China's 1991-1995 "five-year plan" and a more general economic program through the year 2000 will continue to use central planning to ensure balanced development of core segments of the economy, Li said.
But in a bid to promote economic efficiency, enterprises will be gradually pushed into a market environment to promote competition, quality improvements and production of items desired by consumers, he said.
In a rare official acknowledgment that the government has fallen behind on its own timetable for reform, Li said that documents being presented for Congress' approval "propose that we take another 10 years to set up the initial form of a new economic structure."
"This is longer than we had originally planned," Li said. "However, this does not indicate that we can relax our reform efforts in the slightest. Instead, it shows that after analyzing our experience gained over the past 10 years or so, we have arrived at a clearer and deeper understanding of the complications and difficulties involved in carrying out the reform."
Li stressed that as China cautiously moves forward with economic reforms, the Communist Party will not relax its grip on power.
In an apparent reference to the political liberalization that set the stage for massive pro-democracy demonstrations in 1989, Li said the government previously had "overlooked ideological and political education." This was corrected, he said, after former Shanghai leader Jiang Zemin became head of the Communist Party in June, 1989, a few weeks after army troops were ordered to crush the protests.
Li said that China has now achieved "political stability and unity" but added, without citing specific examples, that "there are still some factors that could lead to instability."
"We must take these problems seriously and try our best to solve them, not lowering our guard for a minute," he said.
Praising the forces that suppressed the 1989 protests, Li declared that "the Chinese People's Liberation Army, the (paramilitary) Armed Police and the Public Security Police constitute a solid pillar in the people's democratic dictatorship."

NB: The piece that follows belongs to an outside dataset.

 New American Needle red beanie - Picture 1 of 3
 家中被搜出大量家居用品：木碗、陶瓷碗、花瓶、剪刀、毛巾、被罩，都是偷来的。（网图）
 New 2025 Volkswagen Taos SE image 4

Li said that funding for the army will be boosted, partly to "develop defense science and technology, focusing on research in and manufacture of new weapons and equipment to modernize the armaments of our army."
Paradoxically, despite the severity of political repression in China, many ordinary laws and regulations, ranging from traffic rules to matters such as taxation, are capriciously enforced or routinely ignored. Li said this situation should be corrected.
"It must be emphasized that once a law is promulgated, any and all organizations and individuals must abide by it," he said. "We must . . . work towards the point where, when there is a law, it is obeyed, enforcement is strict and lawbreakers are prosecuted."
Li warned that "those who take part in economic or other crimes, abuse power for their personal gain or practice favoritism in violation of the law, no matter how high their position is, must be resolutely punished."
Li said China faces a "grim" situation of population growth, with so many young adults now entering child-bearing age that another baby boom is expected in the next five years. He called for tougher enforcement of family planning regulations and implicitly acknowledged their coercive nature, which Chinese officials sometimes try to deny.
"Governments at all levels . . . should continue to implement the current policies on family planning, encouraging late marriage, late birth . . . and only one child for each couple," he said. Local authorities should "severely crack down on criminal violators of the family planning policy," he added.
In a summary of foreign policy issues, Li called for the withdrawal of all foreign troops from the Persian Gulf region, withdrawal of Israel from occupied Arab territories and mutual recognition by "the state of Palestine and the State of Israel."
Li rejected foreign expressions of concern about human rights in China as interference in its internal affairs and expressed hope that Sino-U.S. relations will be brought "back to normal at the earliest date possible."